One last anecdote I find funny. One time I actually used Piracetam specifically to eliminate the coke comedown. I wasn't on Piracetam at the time, but I had a bunch in my room (either left over from the previous time I was using it or waiting for a good time to start using it again, idk .. it's rare, but every now and then I have drugs that I'm not using, lol).
So during this time I went out and ended up doing cocaine the whole night. Can't even remember why or with whom, but probably the typical story of, I was bored, my stoner friends invited me over, when I got there they had no weed but just spent their paychecks on blow and were bent on getting everyone in the inner circle as high as they could. I think they needed someone to drive them to get it and I was the only one with a car. Doesn't matter.
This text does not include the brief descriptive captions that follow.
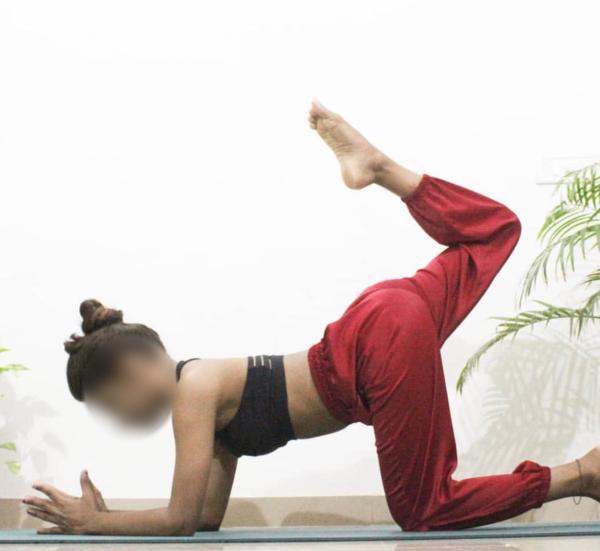Revive Luxury Tantric meditation (The Pinnacle of Tantric Yoga)🧘‍♀️ 🧘🏾‍♂️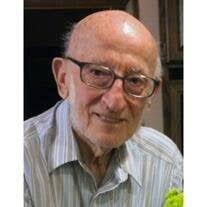 Leroy J. Sachen Obituary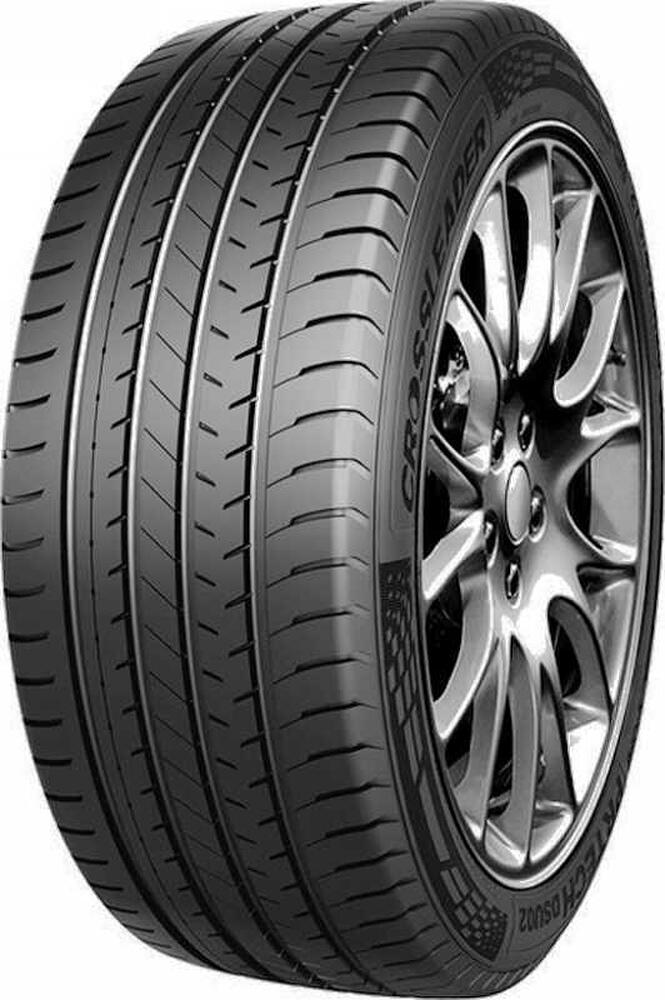 CrossLeader DSU02 255/35 R20 97W 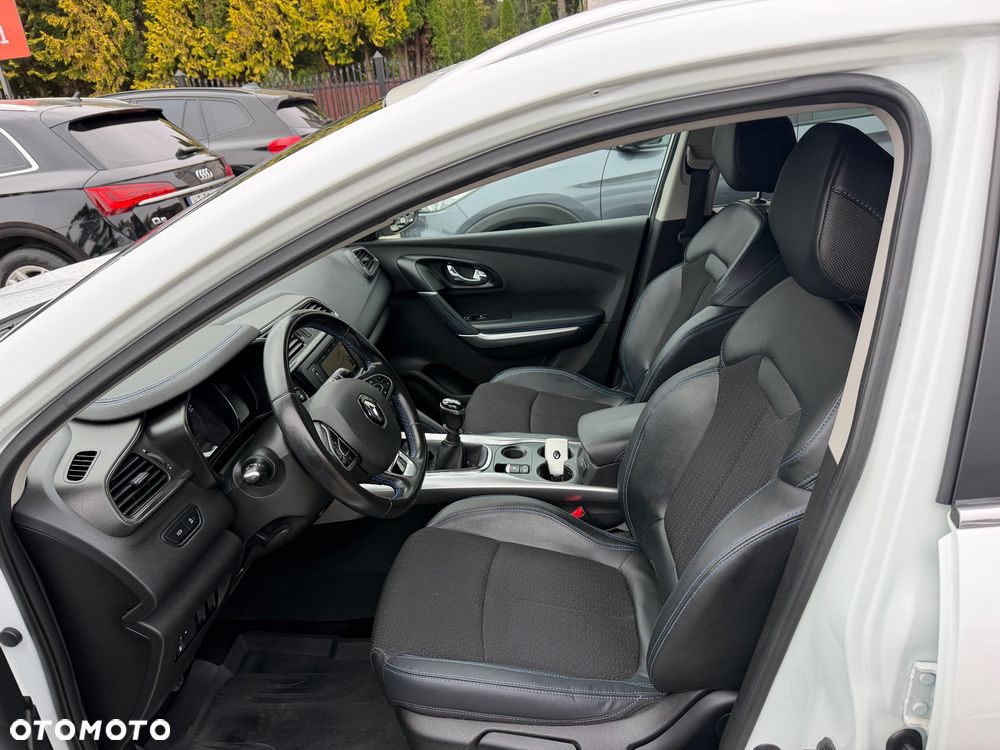 Renault Kadjar 1.2 Energy TCe S-Edition - 6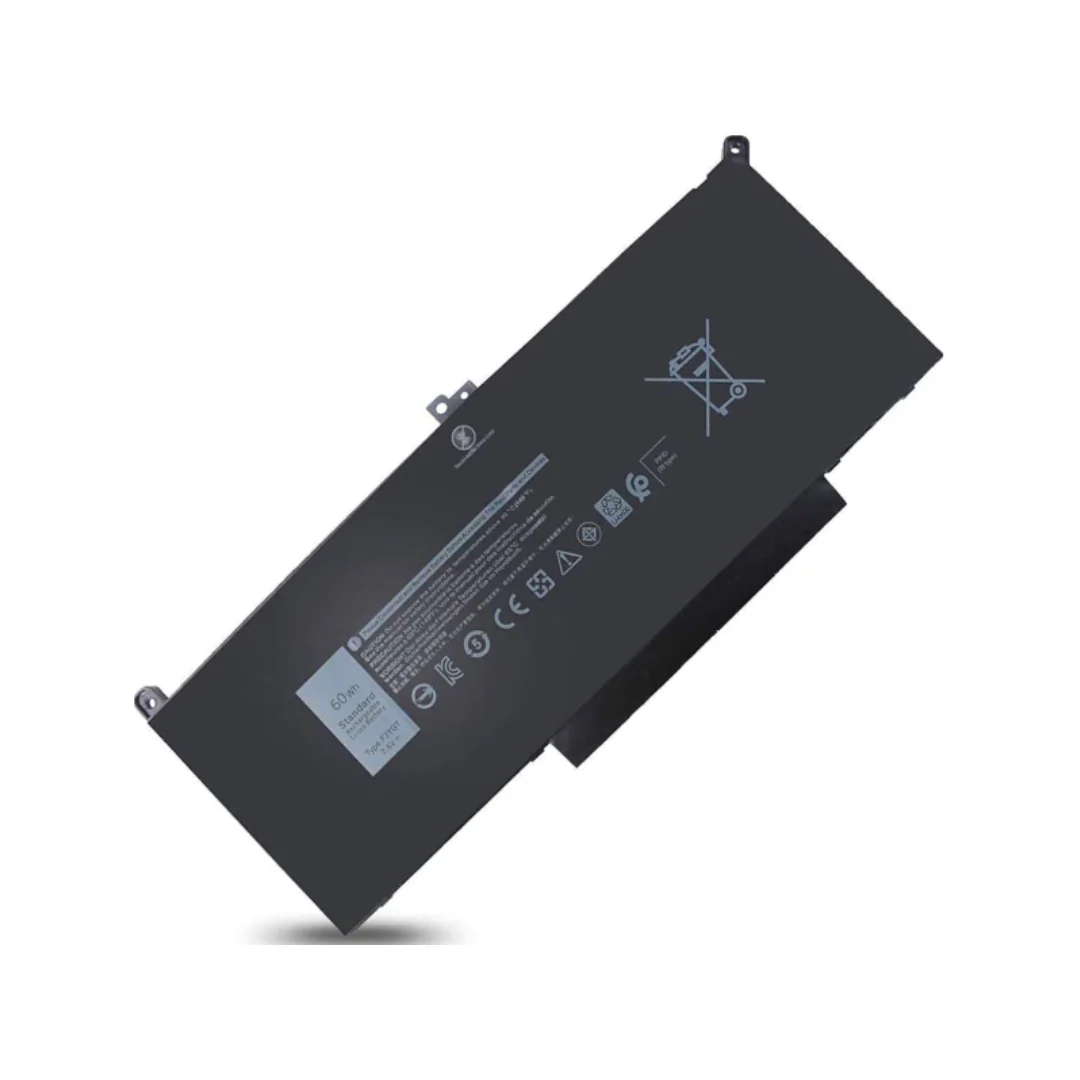 Dell F3YGT Battery (Latitude E7480/E7490/E7380)
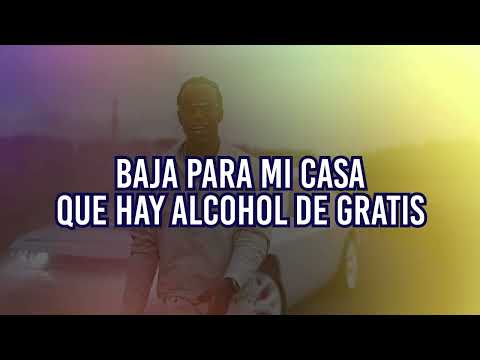 Boy Wonder CF x Nino Freestyle x El Mayor Clasico x Three Seven Music - Bien Happy [Lyric Video]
So sunrise comes and the coke is all gone and I decide to drive home. I'm lying there in my bed for what seemed like hours, totally unable to sleep or stop chewing the insides of my cheeks to pieces, don't have any weed or benzos or even alcohol in the house, and feeling just wrecked, like whole body aches. I'm sure if you've ever done coke all night you know what I'm talking about and I don't have to describe it any further.
Then the idea came to me about the Piracetam. I remembered how when I was on it I didn't get a comedown. It was a long shot, but I was willing to try anything.
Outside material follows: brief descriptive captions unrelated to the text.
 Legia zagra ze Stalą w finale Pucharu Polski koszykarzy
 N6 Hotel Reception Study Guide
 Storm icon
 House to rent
It worked immediately and worked miracles. Within (what seemed like) a few minutes my anxiety was gone, my body and brain stopped hurting, my thoughts stopped racing out of control and settled down to normal. Then I realized I was tired from being up all night and simply went to bed.
Piracetam is like a miracle drug. From a baseline state of mind it seems to pick me up and give me the energy I need to make it through the day. But unlike most stimulating substances, if I happen to be feeling overstimulated from something, Piracetam actually calms me down and even lets me sleep. Weird. And totally awesome!!